The exchange followed a year of provocative anti-Israel actions led by Hamas on the border that the Israeli rulers have responded to with deadly fire. Any steps to lessen military conflicts would create better conditions for working people in both Gaza and Israel. 

Following the agreement, the Israeli government reopened border crossings into Gaza, letting in much needed food and fuel and extended the areas where Palestinian fishermen can go in the Mediterranean Sea. In exchange Hamas said it would keep marches it organizes away from the border fence with Israel and would prevent the launching of incendiary kites that have burned farmland in southern Israel in recent months. 

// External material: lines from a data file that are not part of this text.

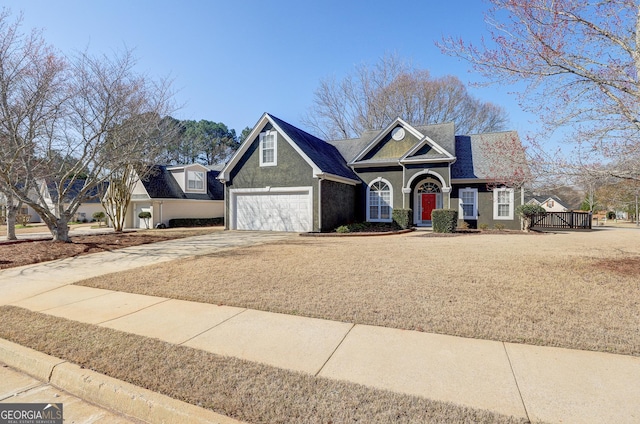 view of front of property featuring concrete driveway, a garage, and stucco siding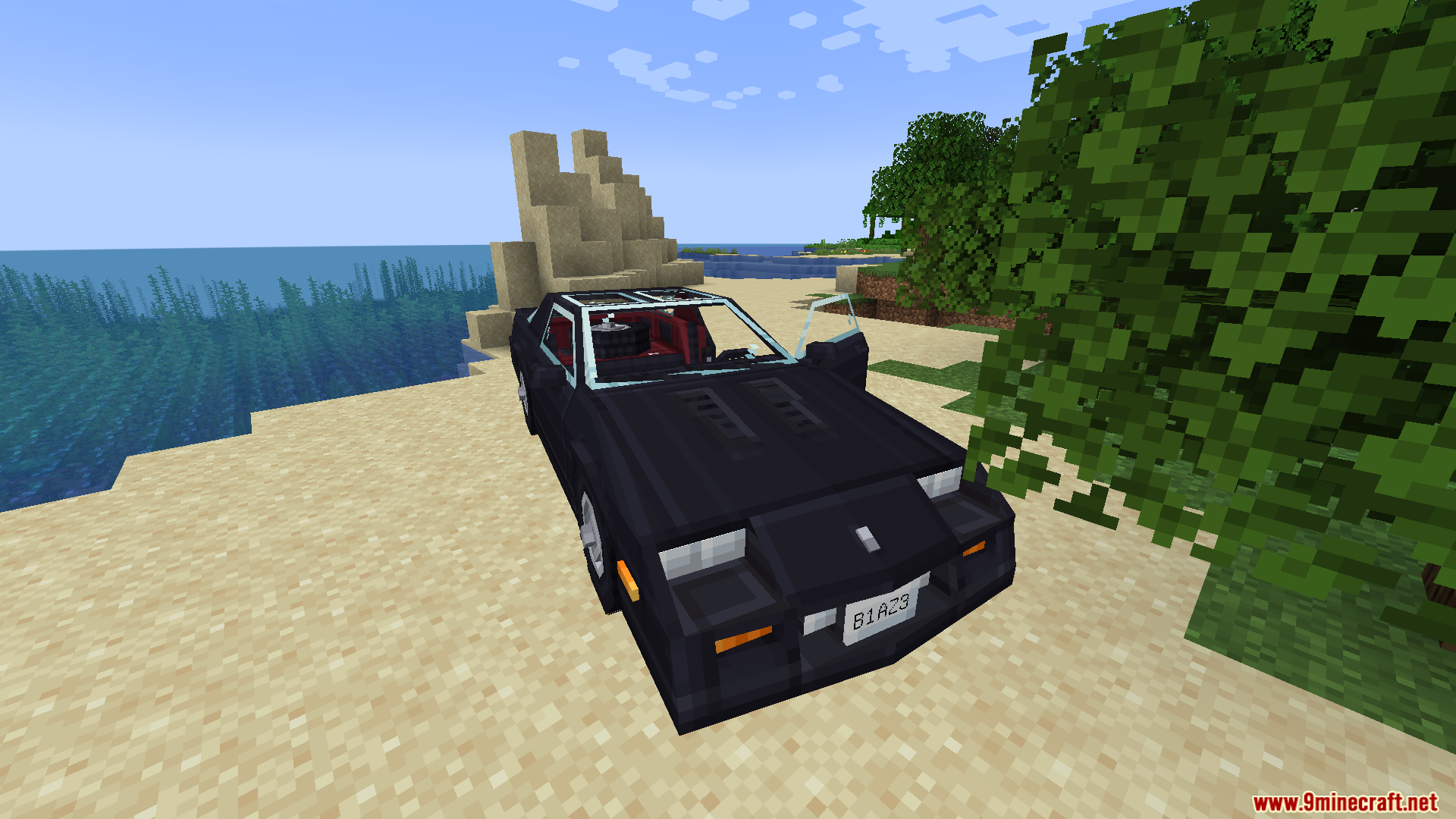 Black sports car with open door showing its red interior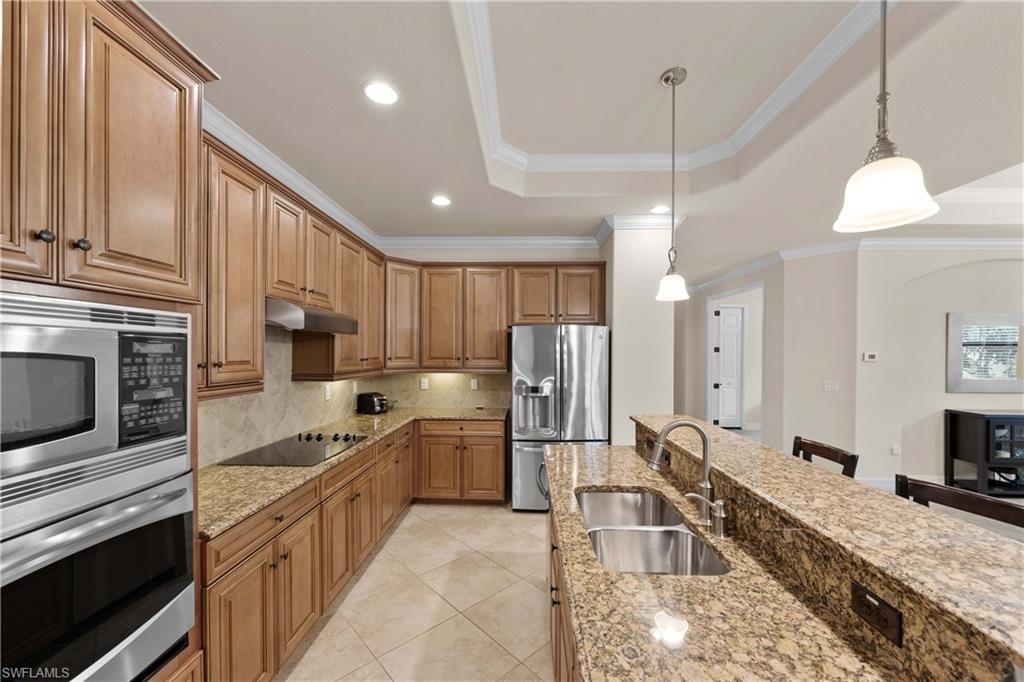 9254 Veneto Place Naples, FL 34113 - Photo 7 of 30 Kitchen with stainless steel appliances, a raised ceiling, light stone counters, hanging light fixtures, and sink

During these protests Hamas has urged participants to try and breach the border. When the Israel Defense Forces respond with lethal force, Hamas seeks to utilize the subsequent deaths to win support against Israel in bourgeois public opinion. Some 260 Palestinians have been killed and 7,000 wounded, mostly by Israeli sniper fire, since Hamas initiated the confrontations. 

Four Palestinians were killed March 30, when over 40,000 gathered to mark the one-year anniversary of the weekly March of Return protests. Hamas operatives largely prevented marchers from approaching the border fence. 

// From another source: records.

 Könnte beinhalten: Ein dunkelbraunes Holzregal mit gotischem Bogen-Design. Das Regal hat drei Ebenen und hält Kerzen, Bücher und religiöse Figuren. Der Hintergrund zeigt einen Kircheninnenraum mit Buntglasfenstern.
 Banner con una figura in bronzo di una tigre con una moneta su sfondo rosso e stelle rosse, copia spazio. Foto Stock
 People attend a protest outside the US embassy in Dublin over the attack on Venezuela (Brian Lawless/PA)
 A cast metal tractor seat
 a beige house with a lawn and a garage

Hamas, with roots in the Muslim Brotherhood and on-again, off-again ally of the rulers in Tehran, took control of Gaza in 2007. Since then it has fought three wars with Israel. Its stated goal is to drive all Jews out of Israel and Palestine. 

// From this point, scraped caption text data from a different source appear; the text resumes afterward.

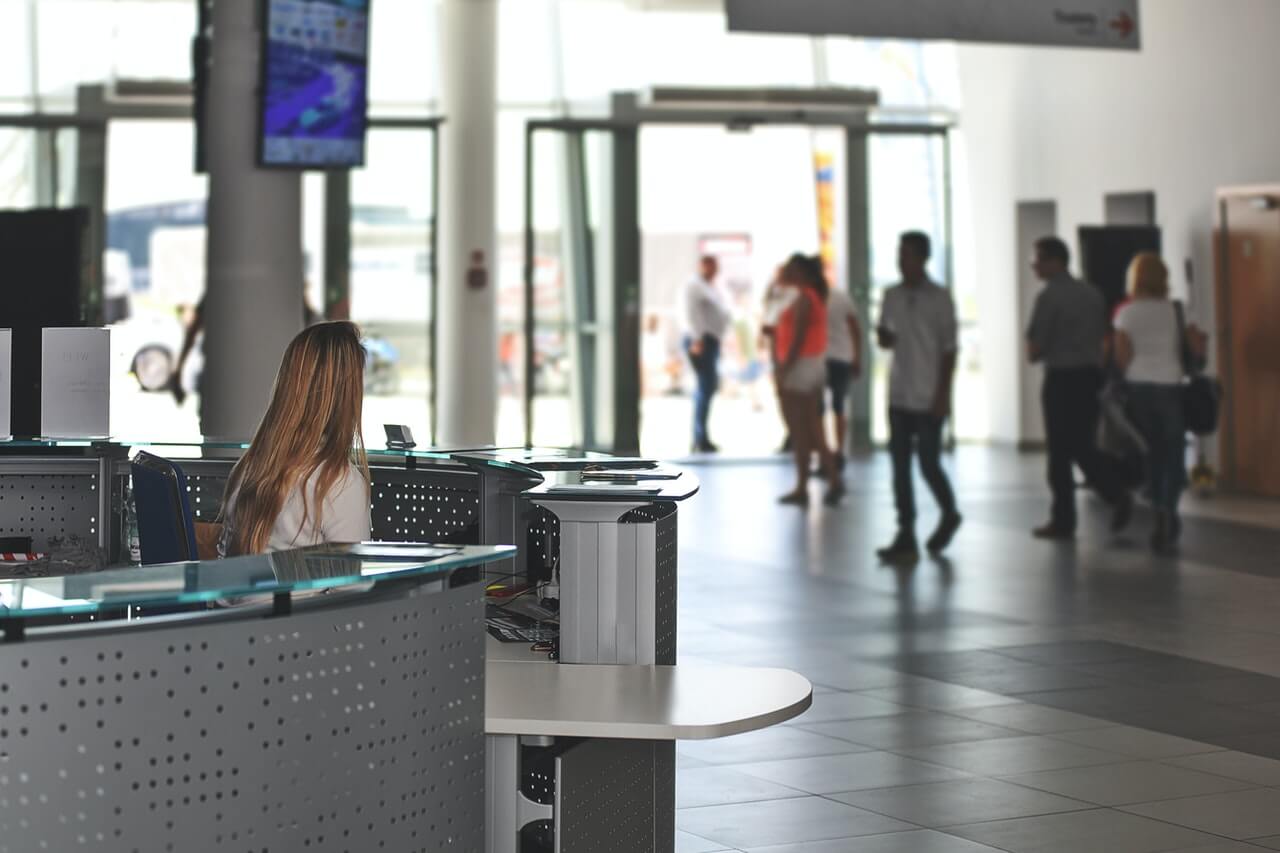 Staff member seated at a front reception desk in a busy lobby as people walk past the entrance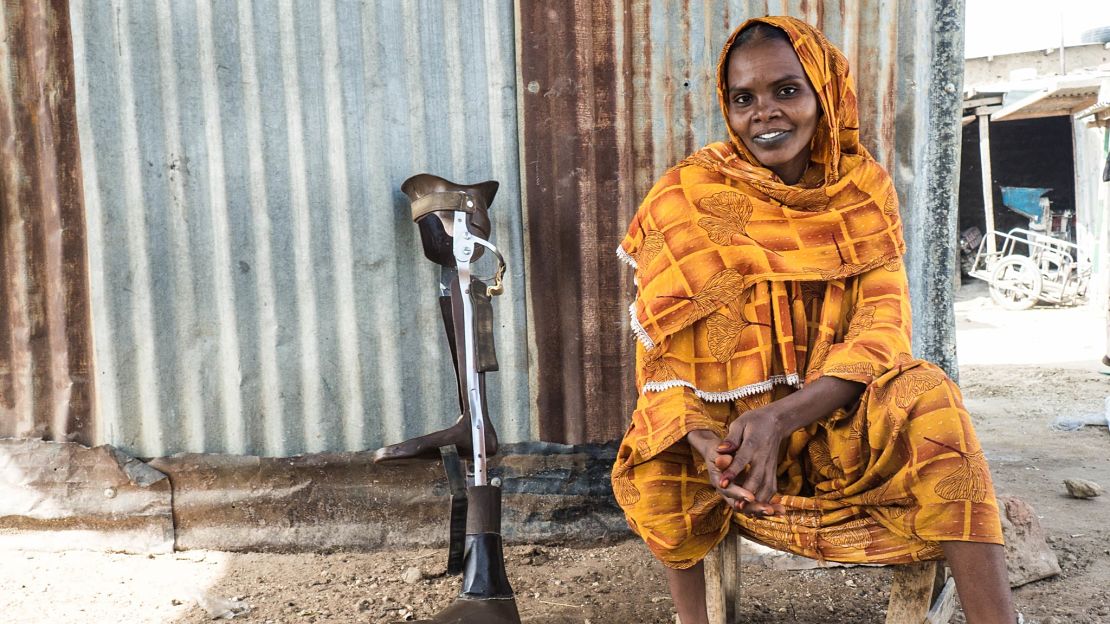 Woman wearing yellow head covering and outfit, smiling, sitting on a chair in front of a metal wall next to a prosthesis 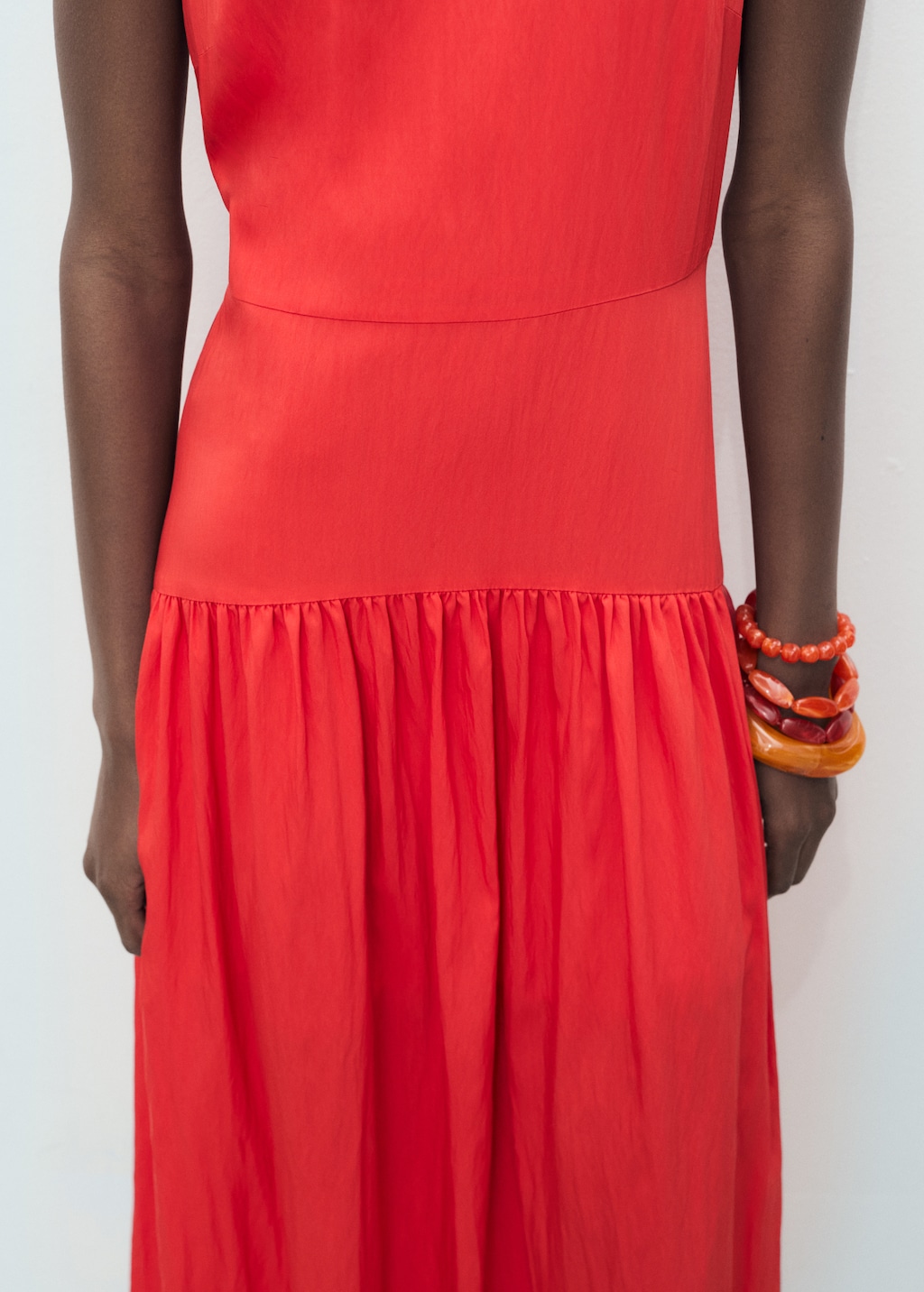 Long dress with gathered hem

But Hamas’ Jew-hatred, provocations and disdain for Palestinian lives have made it increasingly isolated. The group today faces unrest inside Gaza as it offloads the economic crisis onto working people. Youth unemployment stands at 65 percent. The hardship facing workers and farmers is intensified by the blockade imposed by the governments of Israel and Egypt. After Hamas hiked taxes on food and cigarettes working people and youth protested the measures in several areas of Gaza March 14 and for days afterward. 

Demonstrators carried signs that read, “Down with price hikes” and “I want to live in dignity.” Cops dispersed protesters and arrested over 1,000 people. 

Tehran orders attacks on Israel

The day the Israeli government and Hamas agreed upon the cease-fire, another rocket was fired from Gaza and struck Mishmeret, north of Tel Aviv, injuring seven people. Hamas and Egyptian officials say the attack was carried out by Palestinian Islamic Jihad based in Gaza, under orders from the Iranian government. In recent years the rulers in Iran have decreased their funding of Hamas and boosted the coffers of Islamic Jihad, considering its leaders more compliant in carrying out attacks on Israel in hopes of scuttling any peace deal between Hamas and Tel Aviv. 

Tehran fears that any reduction in military tensions between Israel and Gaza will allow the Israeli rulers to focus more intently on their bombardment of military bases Tehran has established across neighboring Syria. The rulers in Iran took advantage of the brutal war conducted by Syrian dictator Bashar al-Assad to move forces into that country. 

In the 1980s the Iranian capitalists used brutal repression to consolidate their class rule and defeat struggles by workers, farmers, women, Kurds and other oppressed nationalities that had opened up during the 1979 Iranian Revolution that overthrew the U.S.-backed shah. The Iranian rulers have sought for decades to increase their clout across the region, extending abroad the counterrevolution they carried through against working people at home.

Tehran’s intervention around the region is a deadly obstacle to working people advancing their interests. A statement by the Socialist Workers Party National Committee issued in December 2017 explains that talks to recognize both Israel and an independent Palestinian state “must recognize the right of Jews everywhere to take refuge in Israel in face of the global rise of Jew-hatred and anti-Semitic violence, as well as the unconditional right of the dispossessed Palestinian people to a contiguous, sovereign homeland on territory … conquered and occupied by the Israeli government during the 1967 war.” (The entire statement is available on the Militant’s website.) 

President Donald Trump recognized Israeli sovereignty over the Golan Heights March 21. The Israeli military has occupied the area since the end of the 1967 Six-Day War.